With the exception of the pictures, transcribe the entire listing exactly.

>>>

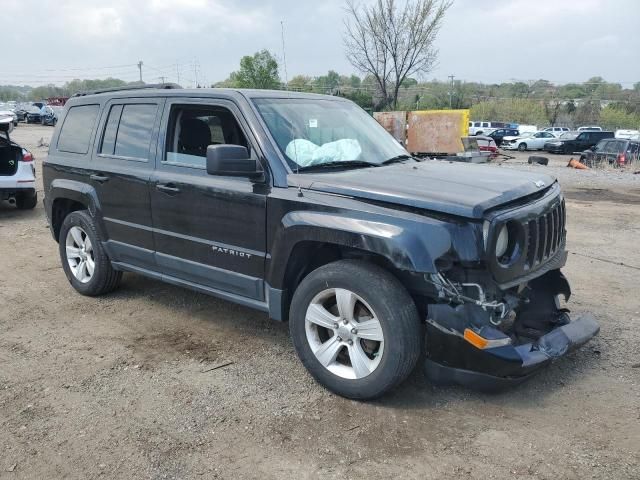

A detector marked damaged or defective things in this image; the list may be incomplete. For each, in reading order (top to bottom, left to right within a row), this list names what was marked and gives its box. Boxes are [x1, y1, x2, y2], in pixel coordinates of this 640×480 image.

front-end collision damage [424, 268, 600, 392]
crumpled bumper [424, 314, 600, 392]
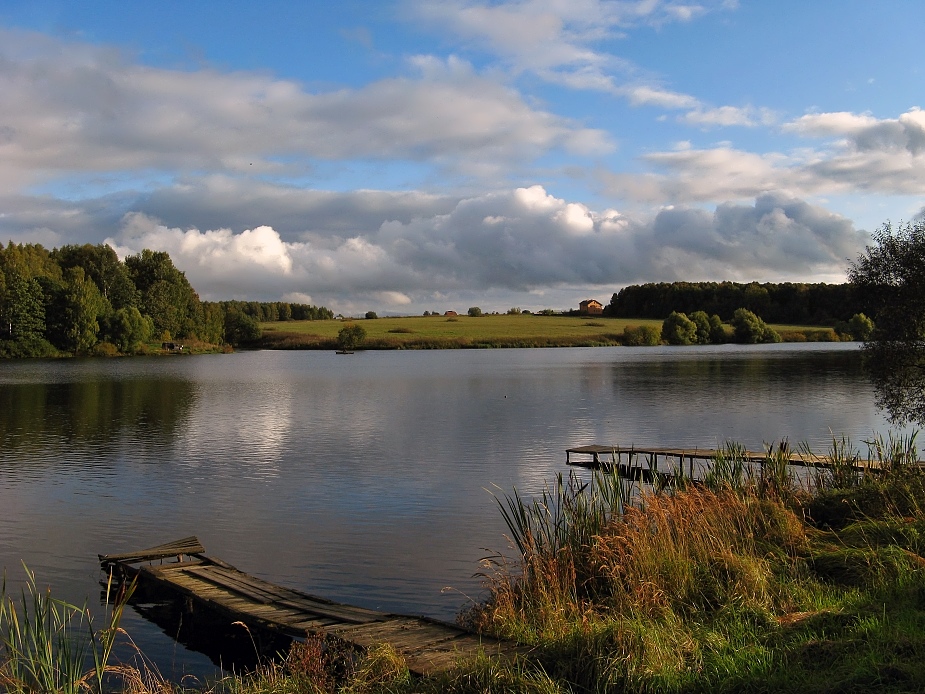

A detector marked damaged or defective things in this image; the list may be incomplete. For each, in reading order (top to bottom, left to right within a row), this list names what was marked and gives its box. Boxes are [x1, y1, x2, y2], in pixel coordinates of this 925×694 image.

broken wooden dock [100, 540, 528, 676]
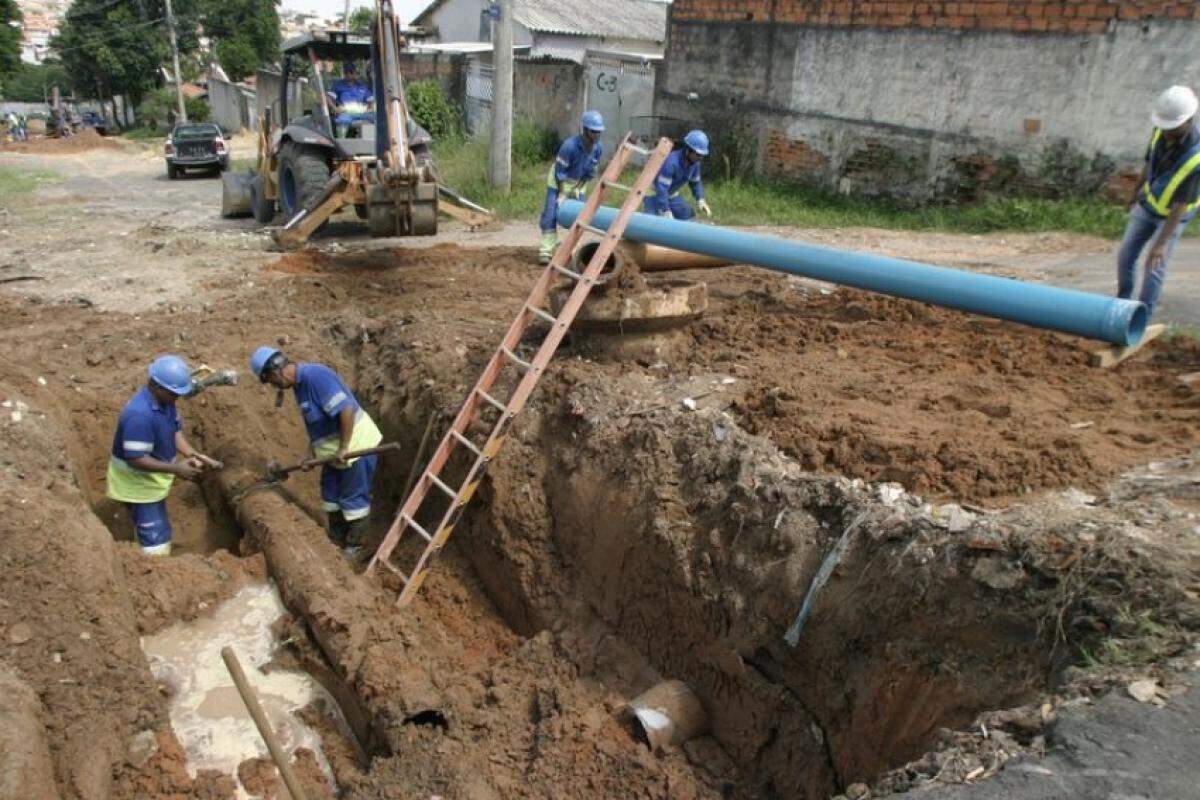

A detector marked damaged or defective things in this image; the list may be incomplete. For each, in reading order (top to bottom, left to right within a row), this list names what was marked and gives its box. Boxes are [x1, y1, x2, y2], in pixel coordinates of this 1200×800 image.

old corroded pipe [572, 239, 732, 274]
old corroded pipe [564, 202, 1144, 346]
old corroded pipe [628, 680, 704, 752]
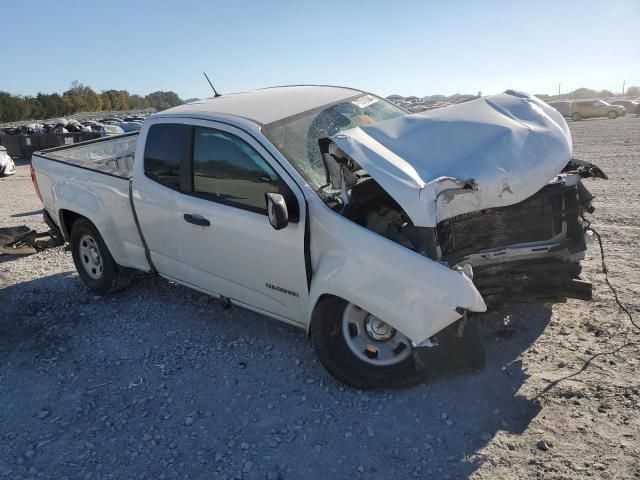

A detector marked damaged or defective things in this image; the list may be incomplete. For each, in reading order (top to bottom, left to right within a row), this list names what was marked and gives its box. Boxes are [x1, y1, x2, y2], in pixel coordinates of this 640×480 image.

wrecked vehicle [0, 146, 16, 176]
wrecked vehicle [30, 84, 604, 388]
shattered windshield [262, 94, 404, 189]
crumpled fender [304, 200, 484, 344]
crushed hood [332, 92, 572, 227]
severe front-end damage [316, 90, 604, 344]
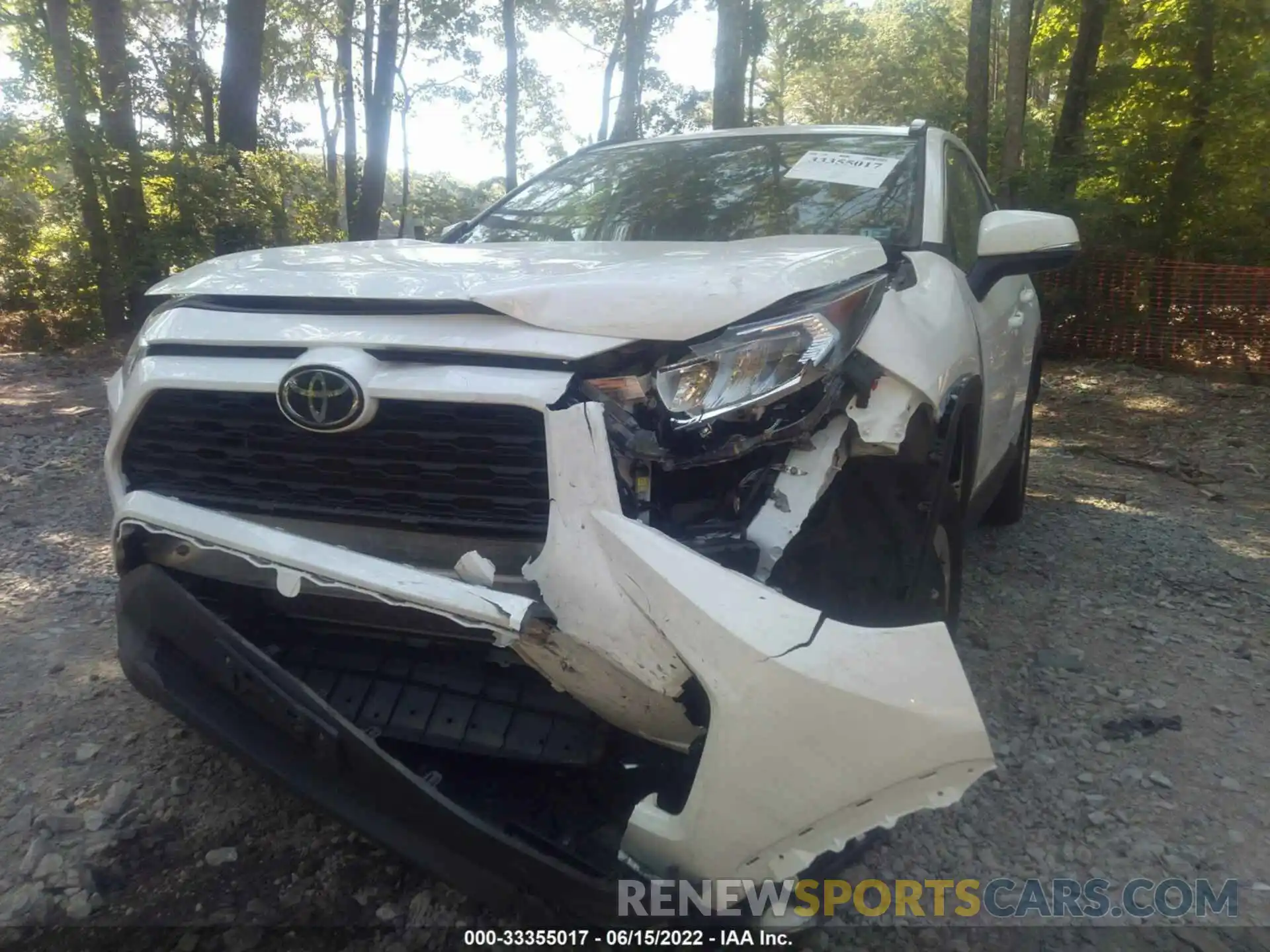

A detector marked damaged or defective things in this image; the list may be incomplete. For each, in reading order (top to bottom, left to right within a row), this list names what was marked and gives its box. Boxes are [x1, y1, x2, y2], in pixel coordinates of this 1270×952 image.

white paint chip [782, 151, 904, 190]
crumpled hood [148, 237, 889, 340]
broken headlight assembly [650, 271, 889, 428]
white paint chip [457, 551, 495, 588]
damaged white suv [106, 123, 1081, 919]
detached bumper cover [118, 563, 619, 919]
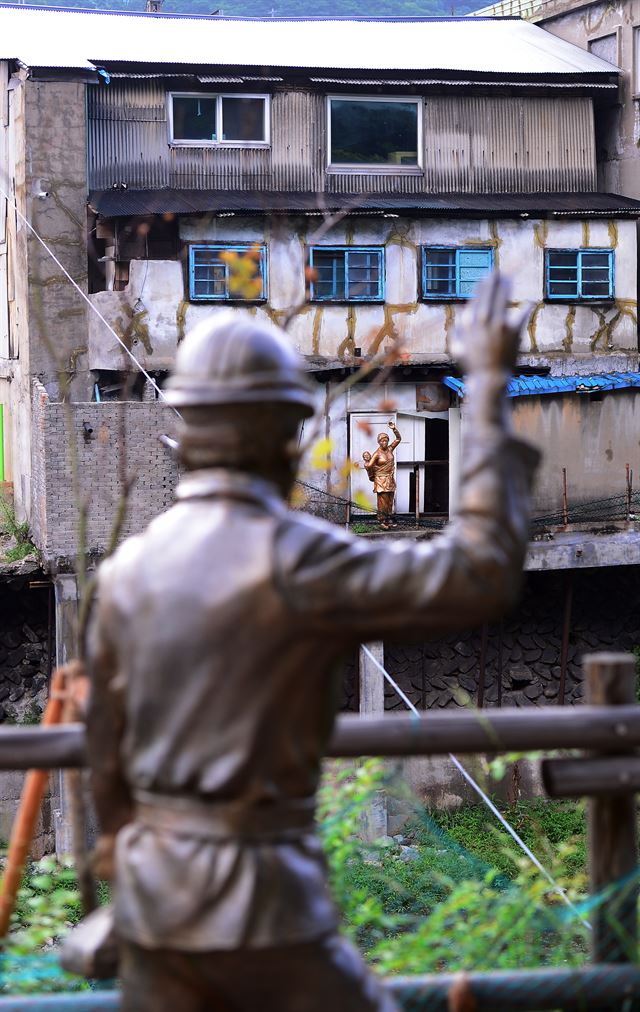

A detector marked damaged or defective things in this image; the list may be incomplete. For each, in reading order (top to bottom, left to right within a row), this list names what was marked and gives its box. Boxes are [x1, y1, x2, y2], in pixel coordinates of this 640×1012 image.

peeling paint wall [87, 81, 599, 194]
peeling paint wall [87, 213, 635, 372]
peeling paint wall [512, 388, 640, 514]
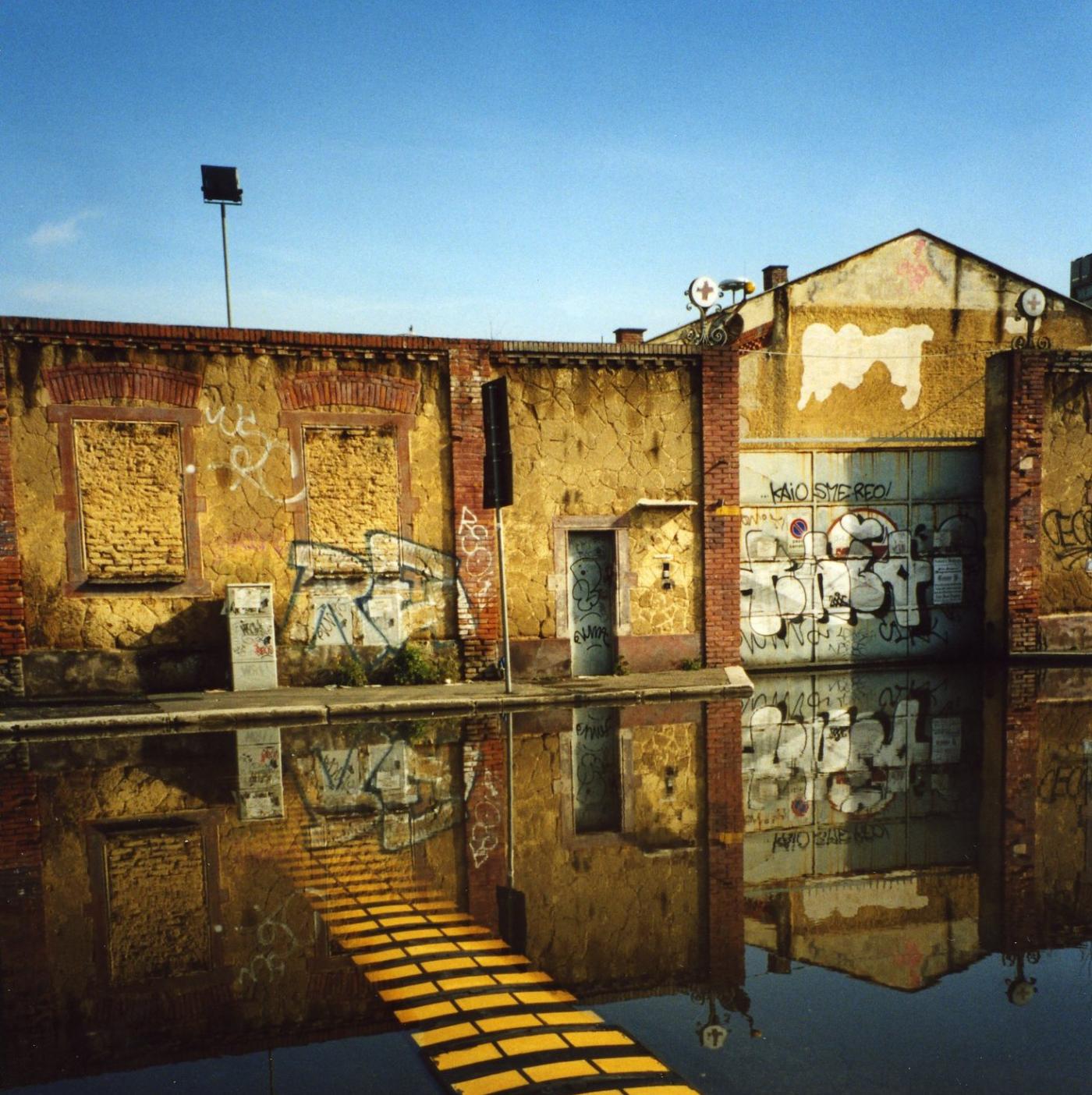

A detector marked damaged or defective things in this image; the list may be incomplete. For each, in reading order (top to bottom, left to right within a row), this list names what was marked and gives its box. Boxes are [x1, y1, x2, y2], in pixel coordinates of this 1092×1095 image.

rusty metal gate [736, 446, 985, 665]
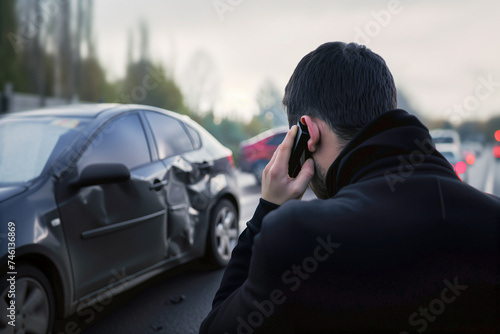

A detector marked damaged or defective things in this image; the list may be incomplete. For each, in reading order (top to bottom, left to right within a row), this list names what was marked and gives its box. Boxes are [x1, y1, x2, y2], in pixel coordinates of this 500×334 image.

damaged car [0, 103, 240, 332]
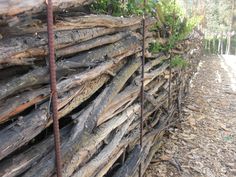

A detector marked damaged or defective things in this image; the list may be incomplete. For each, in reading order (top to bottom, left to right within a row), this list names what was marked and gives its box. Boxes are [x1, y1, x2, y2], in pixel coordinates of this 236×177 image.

<<<

**Answer box**
A detector marked damaged or defective things in this image; the list may be incomplete. For each, in reading order (top to bottom, left to right within a row), this list names what was marked and gives its box. Boxes are [x1, y1, x2, y2], in pixel coordinates of this 640×480 image.

front-end collision damage [424, 268, 600, 392]
crumpled bumper [424, 314, 600, 392]

A detector marked damaged or defective things in this image; the list may be incomplete. For each, in reading order (top to bottom, left to right within a row), this list names what was marked and gives its box. Boxes are [x1, y1, x2, y2], in pixel coordinates of this 925×694 image.

broken wooden dock [100, 540, 528, 676]

A detector marked damaged or defective things in this image; the list may be incomplete. For each, in reading order (top to bottom, left to right within a row), this list names what was marked and gives its box. Boxes are [x1, y1, x2, y2], in pixel coordinates of this 1200×800 image.

old corroded pipe [572, 239, 732, 274]
old corroded pipe [564, 202, 1144, 346]
old corroded pipe [628, 680, 704, 752]

A detector marked damaged or defective things in this image; the list may be incomplete. For each, in reading order (top to bottom, left to right within a row), this list names what was marked and gives its box. Boxes are [x1, y1, x2, y2], in pixel coordinates of this 640×480 image.

wrecked vehicle [0, 146, 16, 176]
wrecked vehicle [30, 84, 604, 388]
shattered windshield [262, 94, 404, 189]
crumpled fender [304, 200, 484, 344]
crushed hood [332, 92, 572, 227]
severe front-end damage [316, 90, 604, 344]

A detector marked damaged or defective things in this image; the list may be incomplete. For each, in reading order (top to bottom, left to right within a row), this list names what was marked and gives its box. Boxes are [x1, y1, x2, y2], in pixel coordinates of this 1270×952 image.

white paint chip [782, 151, 904, 190]
crumpled hood [148, 237, 889, 340]
broken headlight assembly [650, 271, 889, 428]
white paint chip [457, 551, 495, 588]
damaged white suv [106, 123, 1081, 919]
detached bumper cover [118, 563, 619, 919]

A detector marked damaged or defective things in this image; the list may be incomplete. For each, in reading order (top to bottom, left to right within a row), this list names what was marked and gives its box. Boxes are [x1, y1, x2, y2], in pixel coordinates of this 640×1012 image.

peeling paint wall [87, 81, 599, 194]
peeling paint wall [87, 213, 635, 372]
peeling paint wall [512, 388, 640, 514]

A detector marked damaged or defective things in this image; the list may be incomplete. For each, in reading order (top to bottom, left to right within a row), this list names what was marked and gives its box. Boxes are [x1, y1, x2, y2], in pixel coordinates of this 1092×1095 image.

rusty metal gate [736, 446, 985, 665]

A detector marked damaged or defective things in this image; the list may be incomplete. For each, in reading order (top to bottom, left to right within a row), this list names what was marked and gives its box. Boxes are [x1, y1, x2, y2], in pixel coordinates of this 500×334 image.

damaged car [0, 103, 240, 332]

A detector marked damaged or defective things in this image; the list may be incomplete. For each, in reading order (top to bottom, left to right within a row), this list names what was marked and gives its box. Boxes are [x1, y1, x2, y2], in pixel coordinates of this 236×177 image.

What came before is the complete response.